Facebook and EPFL have initiated a collaborative program that aims to carry out seminal research with common meeting points for both organizations. Facebook seeks to leverage EPFL’s proven expertise in Computer Science and Engineering to enable the flow of technology from one of the most renowned research institutions to the leading American social media conglomerate. The collaboration will also help the latter strengthen its position in Switzerland and gain access to some of the best academic minds in Europe.

The following projects have already been lined up for the collaborative Full-System Accelerated and Secure ML Collaborative Research program:

Training for Recommendation Models on Heterogeneous Servers
Distributed Transformer Benchmarks
Full-System API Inference to Enforce Security
Communication Stacks for µServices in Datacenters

Each of these projects will be conducted by a member of the expert team from EPFL. The team includes David Atienza, Babak Falsafi, Martin Jaggi, and Mathias Payer. Babak Falsafi will be the point of contact for the engagement.

Training for Recommendation Models on Heterogeneous Servers

This project aims to develop strategies to automatically select the best accelerator to run a specific DNN training. The research by David Atienza and team will develop the necessary software libraries to allocate workload efficiently by considering performance, power, and accuracy constraints. Meta-learning algorithms will be created to train DL models and configure their hyper-parameters in an automated way, outperforming current state-of-the- art approaches. This approach is expected to result in significant savings in the total training time and improved robustness against minimization for smaller memory size designs.

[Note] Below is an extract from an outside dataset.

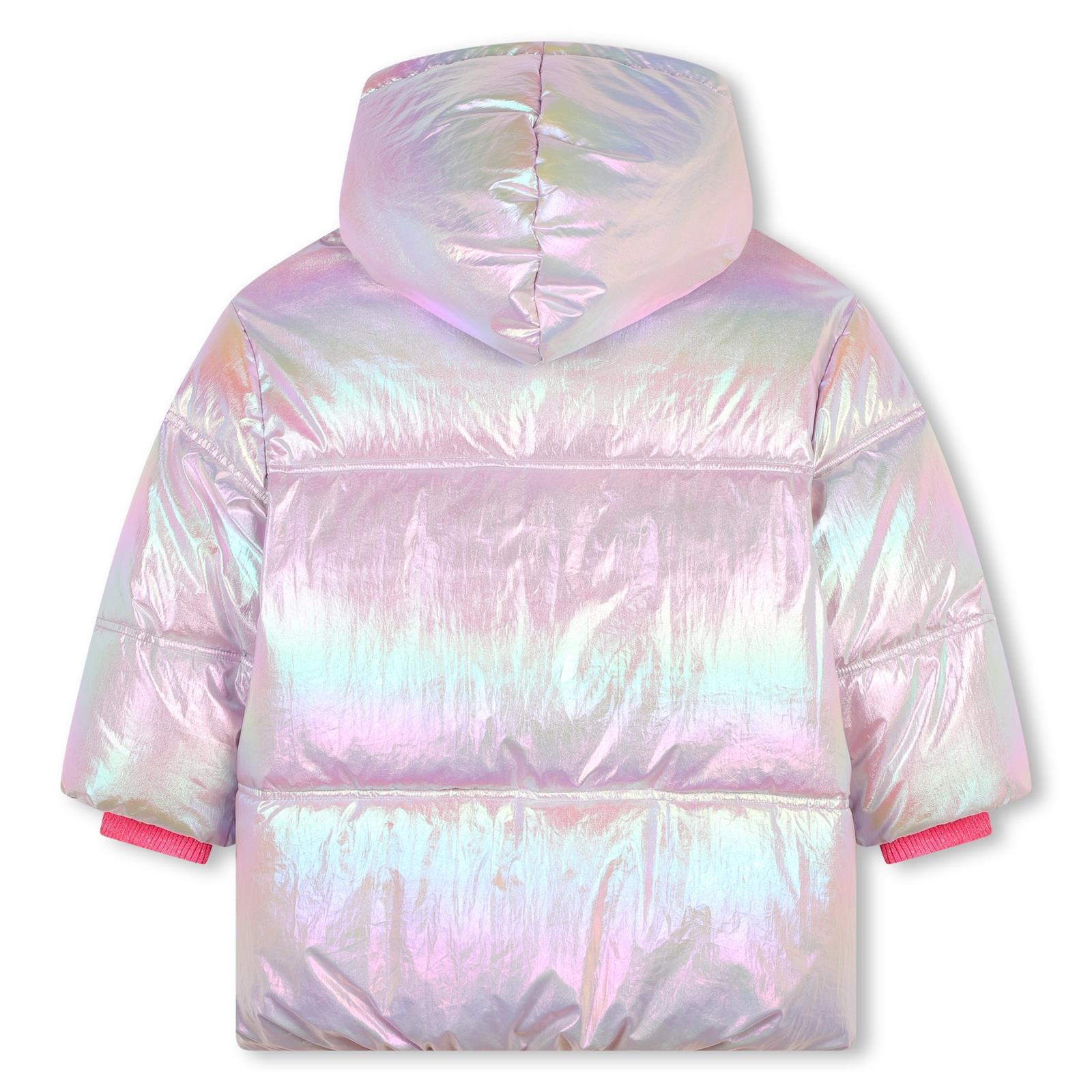 Billieblush Pink Sequin Logo Metallic Hooded Puffer Jacket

Distributed Transformer Benchmarks

MLBench, a framework for distributed machine learning, aims to perform the role of an easy-to-use and fair benchmarking suite for algorithms as well as for systems (software frameworks and hardware). It will provide re-usable and reliable reference implementations of distributed ML training algorithms. MLBench renders support to a wide range of platforms, ML frameworks, and machine learning tasks. Its goal is to benchmark all/most currently relevant distributed execution frameworks. Lead researcher Martin Jaggi and team will soon release the first results and reference code for distributed training (starting with Cifar10 and ImageNet, in both PyTorch and TensorFlow).

Full-System API Inference to Enforce Security

Mathias Payer and team aim to build an API flow graph (AFG) that encodes all valid API interactions and their parameters. The proposed algorithm will build the global AFG by analyzing all uses of a function on the system’s source code. The researchers will leverage test projects that provide a large corpus of test cases and input files for a wide variety of programs. The data set will help infer API usage by monitoring the state construction through the provided seeds and examples.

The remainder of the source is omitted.